Fans toben, Experten loben So sieht die Zukunft von Smart aus

Autor / Redakteur: sp-x / Andreas Wehner

Daimler und Geely stellen bei Smart nahezu alles auf den Kopf. Die ersten Skizzen des neuen Modells lassen die Fans der Marke toben – mancher Experte findet für den mutigen Schritt reichlich Lob. 

Smart nimmt Abschied vom Kleinstwagen.
Smart nimmt Abschied vom Kleinstwagen.
(Bild: Smart)

„Die Länge des Autos allein ist für uns keine bestimmende Größe mehr“: Wenn Markenchef Daniel Lescow über die nächste Generation des Smart spricht, dann kündigt sich da eine Revolution an –, und die Skizzen, die Designchef Gordon Wagener dazu ins Rennen wirft, geben der Aussage eine zusätzliche Dramatik.

Jetzt, wo die Zeit reif ist für elektrische Mini-Mobile und die Idee vom ‚Pod‘ so langsam Fahrt aufnimmt, geht Daimler die Geduld aus.
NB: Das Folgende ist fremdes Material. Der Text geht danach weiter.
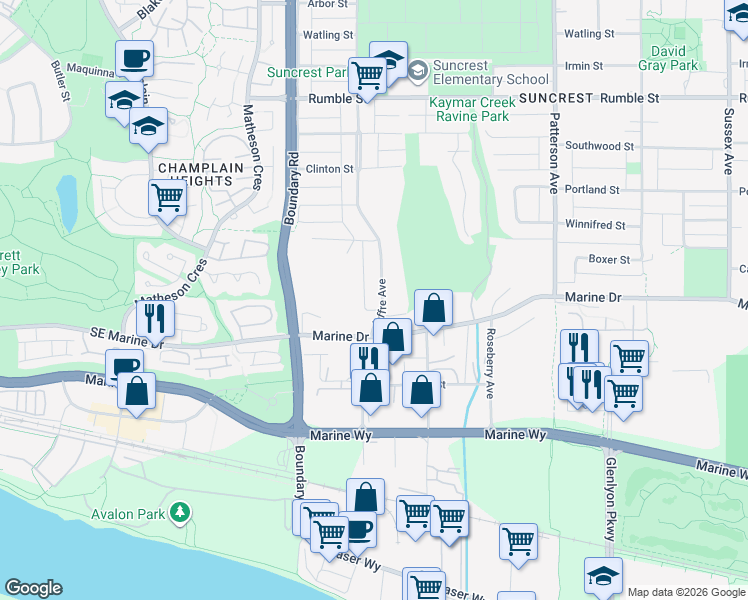 map of restaurants, bars, coffee shops, grocery stores, and more near 8275 Joffre Avenue in Burnaby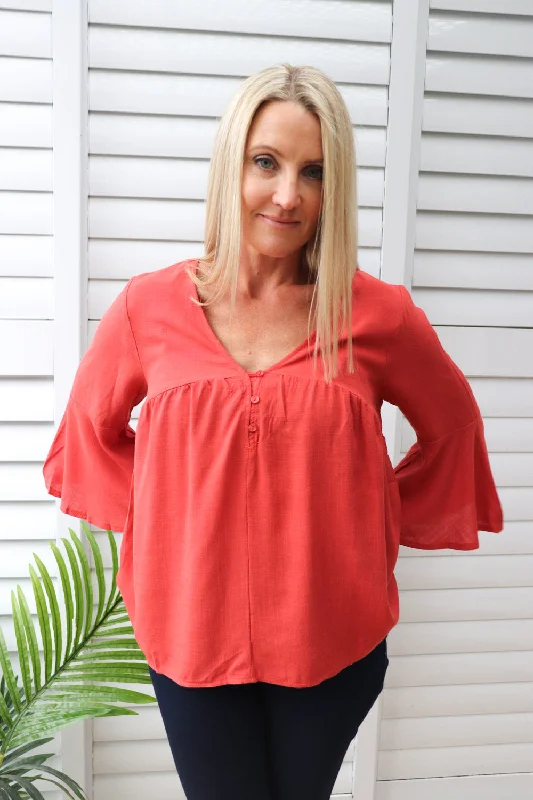 Stay Ahead In Style Bridgerton Top in Rust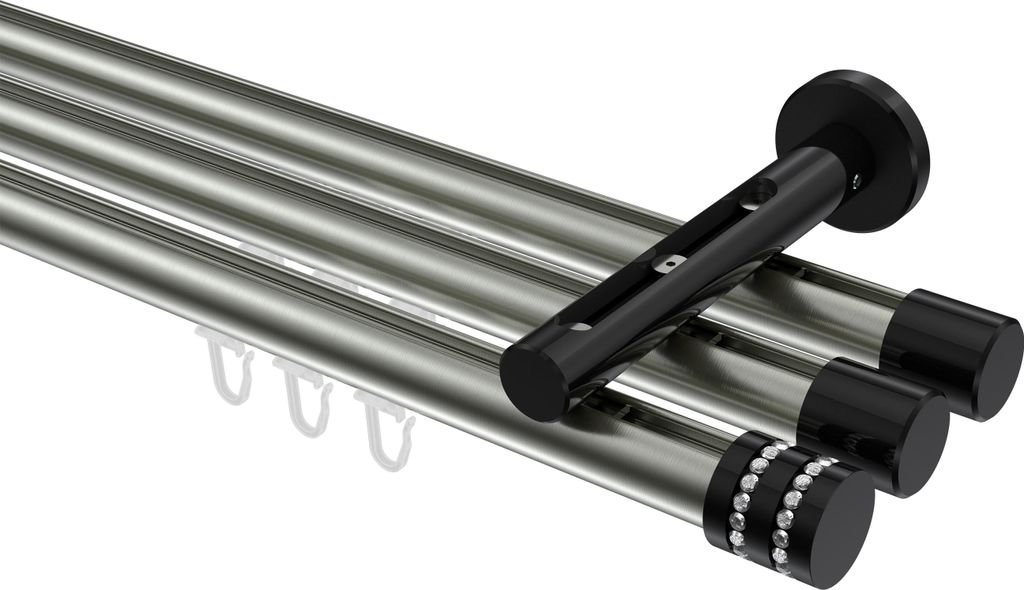 Interdeco Innenlaufstange / Gardinenstange mit Innenlauf Edelstahl-Optik / Schwarz, Typ Siteno Estana (Glitzerkappe), 20 mm Ø 3-läufig, 420 cm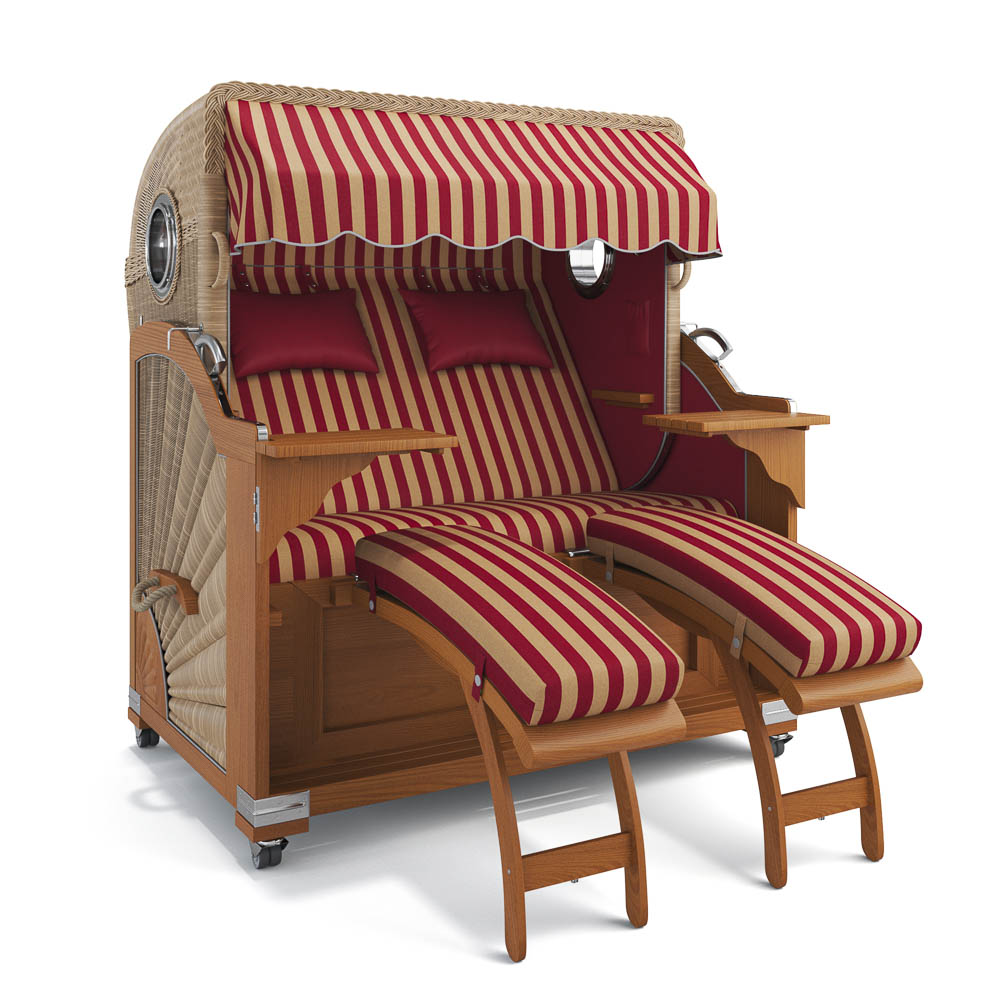 Strandkorb Kampen-Teak-Nature Sand-PORTO-rot-creme-82333-46573-mit Bullaugen-TeakSafe anthrazit-Terrassenrollen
Denn wenn die Schwaben mit ihrem neuen Partner Geely im Herbst erst die Studie und im Jahr darauf dann das Serienmodell des neuen Smart zeigen, hat der mit dem Vorgänger nur noch den Namen gemein und aus dem Winzling für zwei wird ein ausgewachsenes SUV für fünf Personen, das in einer Liga spielt mit dem Mini Countryman oder dem Mercedes EQA. 

Smart künftig nicht mehr „winzig und niedlich“

„Der Smart wird erwachsen,“ sagt Wagener und meint damit nicht nur das Format, sondern auch die Form. Denn das kindliche Grinsegesicht hat er dem Smart genauso ausgetrieben wie den verspielten Plastiklook im Innenraum. „Winzig und niedlich waren gestern“, sagt der oberste Stilführer in Stuttgart: „Das neue Smart-Kapitel wird cool und sexy, es wird wertig.“

Vermutlich 2022 wird Smart ein elektrisch angetriebenes Kompakt-SUV auf den Markt bringen.
Vermutlich 2022 wird Smart ein elektrisch angetriebenes Kompakt-SUV auf den Markt bringen.
(Bild: Smart)

Zwar hat das elektrische SUV für den Neustart mit einer Länge von mehr als vier Metern beinahe das Format des EQA. Doch stammt künftig nur noch das Design aus Deutschland. Denn seit zwei Jahren wird Smart als Joint Venture mit Großaktionär Geely geführt, dessen Techniker in Zukunft den Ton angeben. Deshalb steht der Smart von Morgen nicht etwa auf der MFA-Plattform von Mercedes und wird zum coolen Cousin des EQA, sondern nutzt die für maximale Reichweiten von mehr als 700 Kilometern ausgelegte Sustainable Experience Architecture, auf der Geely auch E-Autos wie den Lynk & Co Zero oder den Zeekr 001 aufbaut.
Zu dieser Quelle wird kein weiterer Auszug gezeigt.